Gábor Csányi, who studies molecular modelling at the University of Cambridge, UK, uses Deepnote (free for up to 3 collaborators, then $12 per user, per month) in his teaching. With his university’s previous system, a student seeking help could share a copy of a notebook with Csányi, but it wasn’t possible for both of them to view and edit the same document at the same time. “It was sort of a pain,” he says. But with Deepnote, he can help students to debug their code in real time. “Just like you do with Google Docs, we see each other’s cursors. We are editing the same notebook, and as they press shift-enter on a cell, I see the result. That was an incredible experience in how personalized support could be done efficiently.”

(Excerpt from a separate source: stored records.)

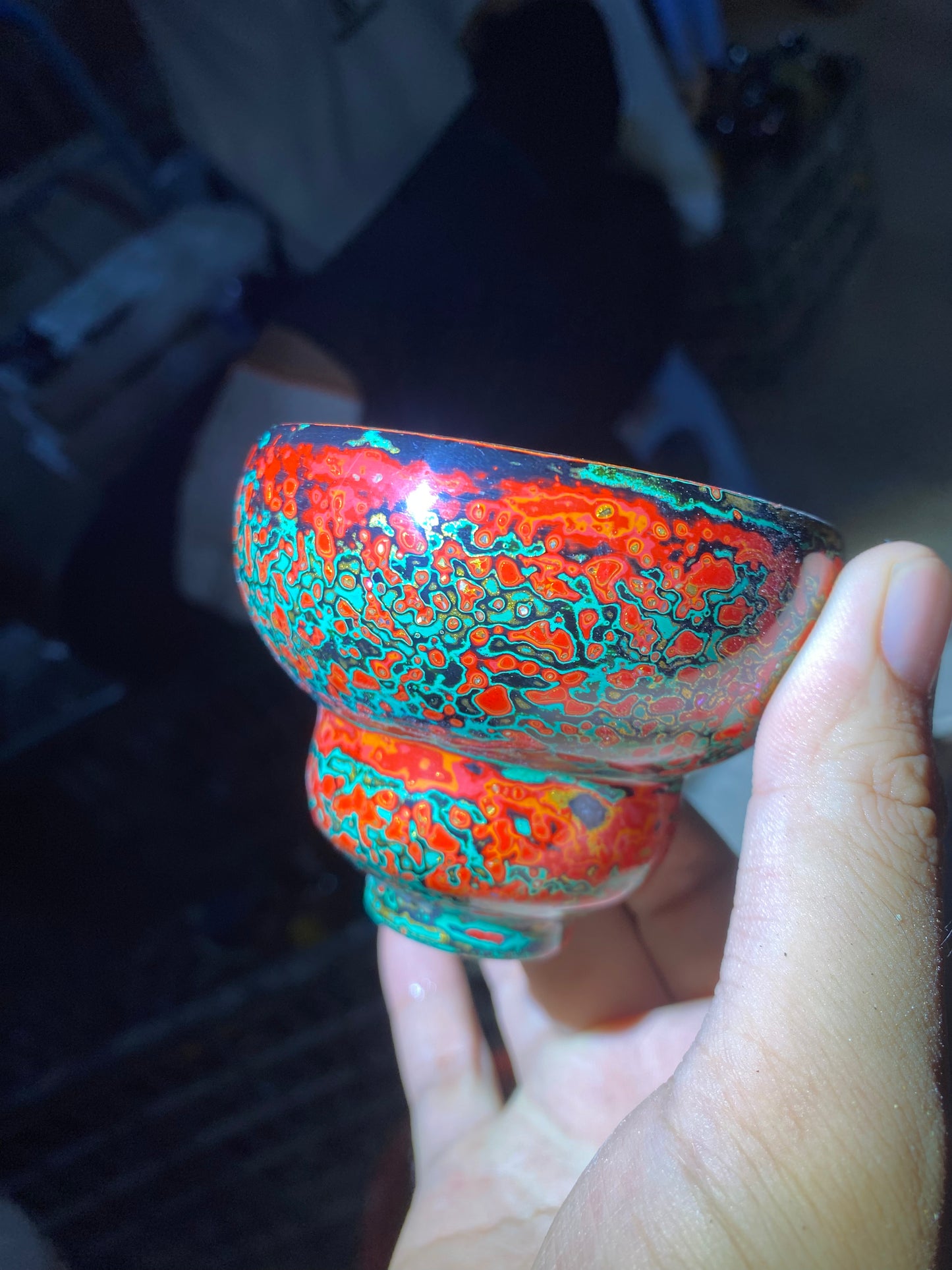 kiln open 9.16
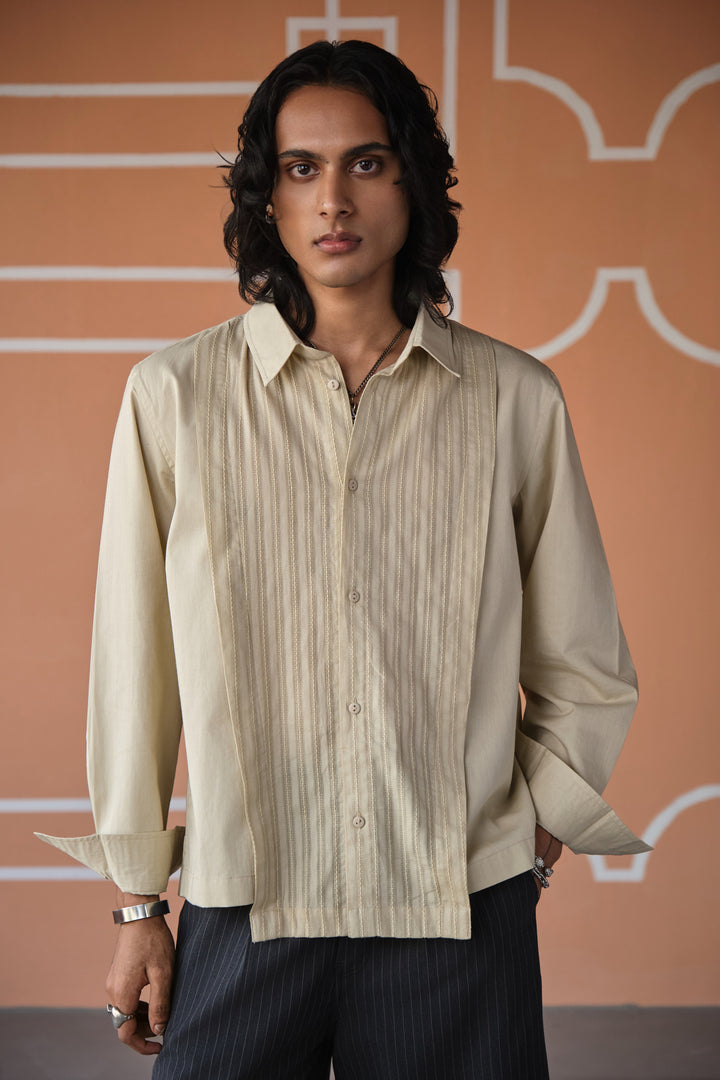 TAILORED INDIE SHIRT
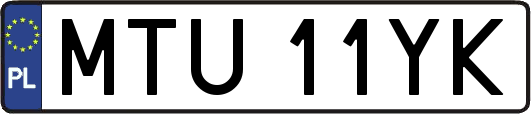 MTU11YK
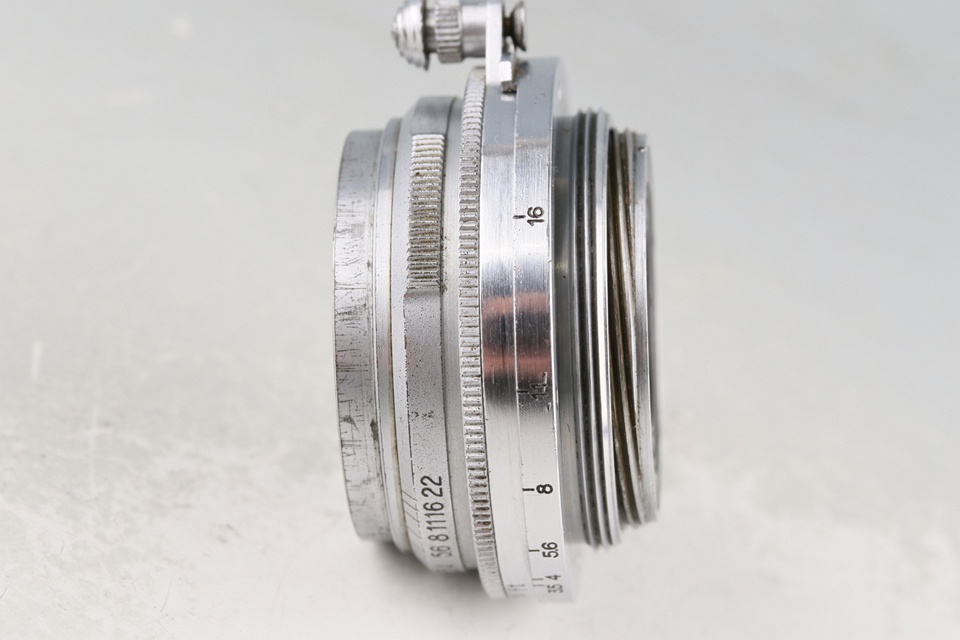 Canon Serenar 28mm F/3.5 Lens for Leica L39 #61597C2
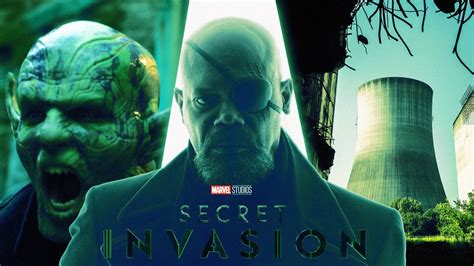 Secret Invasion Exclusive Details About Skrull Hideout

Real-time collaboration is “a topic of massive activity” in the Jupyter project as well, says Pérez, and an in-development prototype is available on GitHub. “I’m pretty optimistic that this will happen soonish,” he says.
Many commercial platforms also address another notebook challenge: version control.

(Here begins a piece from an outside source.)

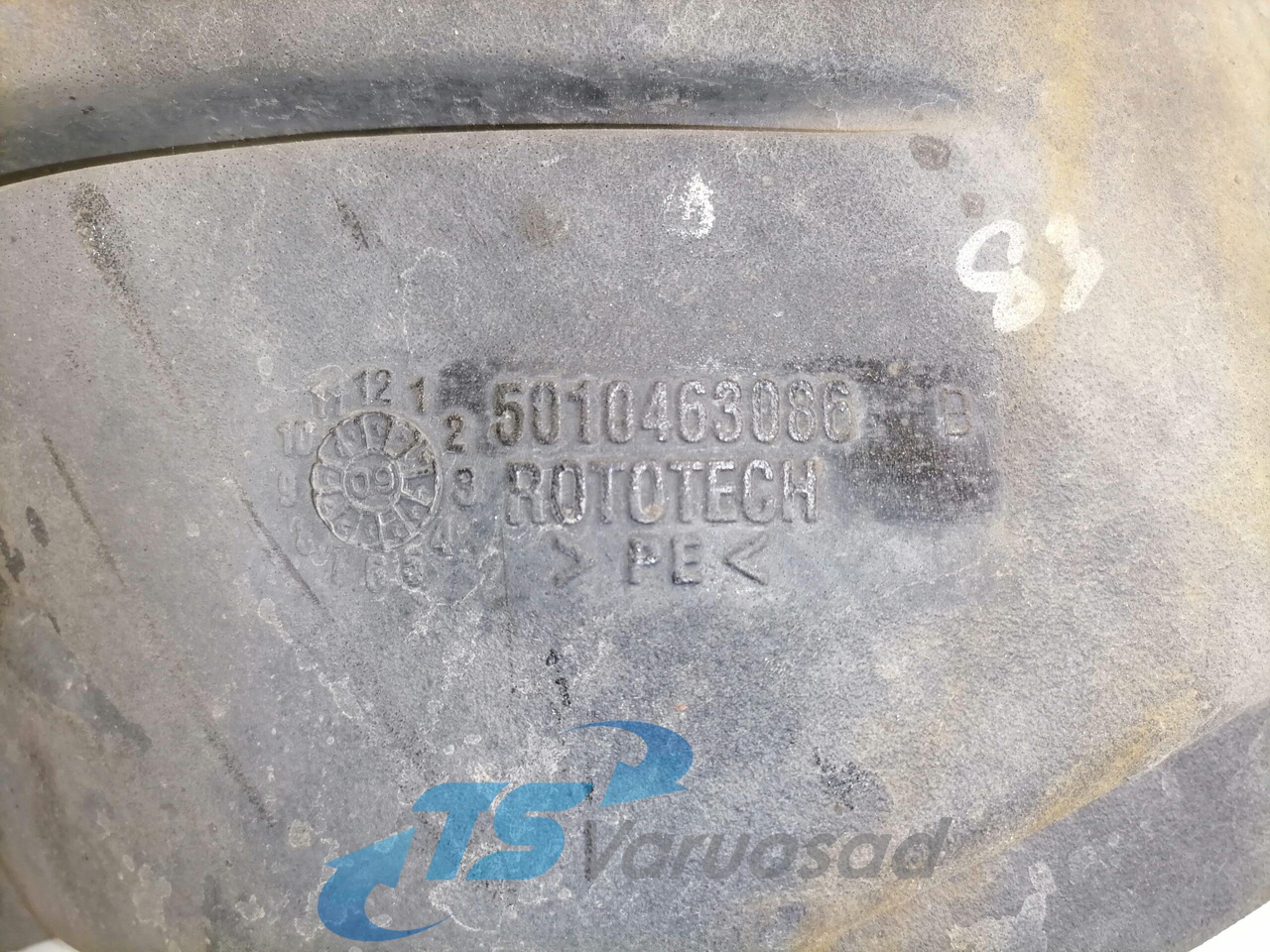 Volvo Air intake 5010463086 - Hệ thống nạp khí cho Xe tải: hình 4 Volvo Air intake 5010463086 - Hệ thống nạp khí cho Xe tải: hình 4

The file format of Jupyter notebooks includes code, metadata, and computational output. As those outputs are often binary images, version control — the process that developers use to track how files change, which is optimized for plain-text files — can become difficult. Complicating matters, programmers can struggle to adapt standard version-control workflows to the fast, iterative nature of data exploration. As a result, crucial experimental details can be lost.
Commercial platforms tend to provide built-in notebook versioning. For those who prefer to stick with Jupyter, two plug-ins are available: nbdime, which provides an intelligent, structured view of file changes, including of graphical output; and Verdant, which offers a graphical interface that tracks how cells are modified, reordered and executed.

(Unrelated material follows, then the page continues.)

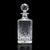 Vintage Whisky Decanter, English, Cut Glass, Scotch, Spirits, Brandy, Circa 1970 For Sale - Image 6 of 12
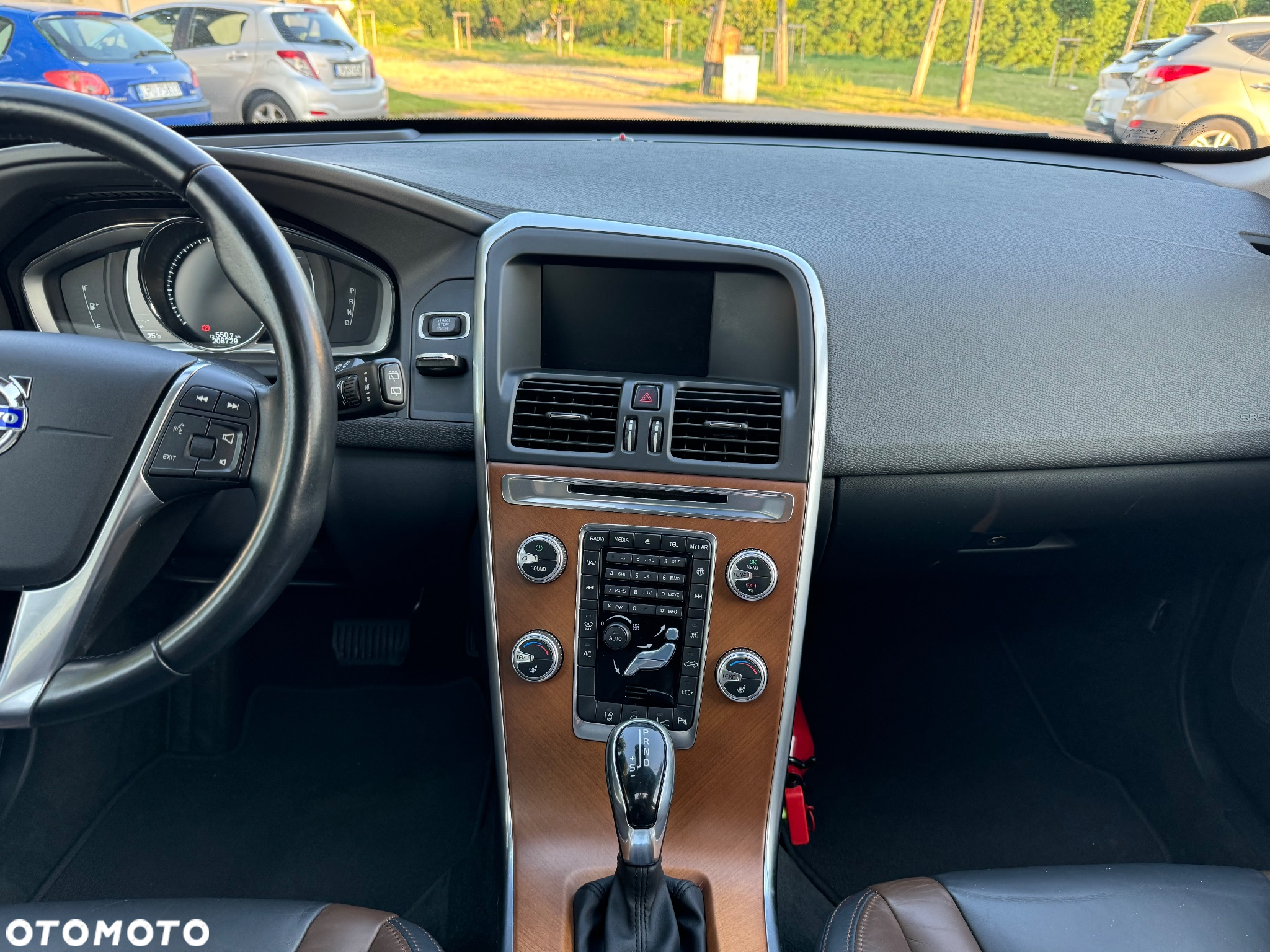 Volvo XC 60 D4 Geartronic Summum - 17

According to developer Mary Beth Kery, who studies human–computer interaction at Carnegie Mellon University in Pittsburgh, Pennsylvania, Verdant can smooth interactions with collaborators and peer reviewers. “Somebody will say, oh, did you try this in the model, or did you try this analysis?” she says. Many times, the answer is yes, but because the analysis didn’t work, the code is deleted. “What you want to do during the meeting is just pull it back up and be like, oh, yeah, I did, and here’s why it didn’t work. And our tool lets you actually do that.”
Such features can make an already user-friendly computing paradigm even friendlier — and easier to share. And that makes them even more powerful vehicles for scientific communication. “If you do really great science but no one understands it or no one gets access to it, then what’s the point?” Drake says. “These kinds of notebooks can really get people excited and expose people to concepts that are otherwise kind of impenetrable.”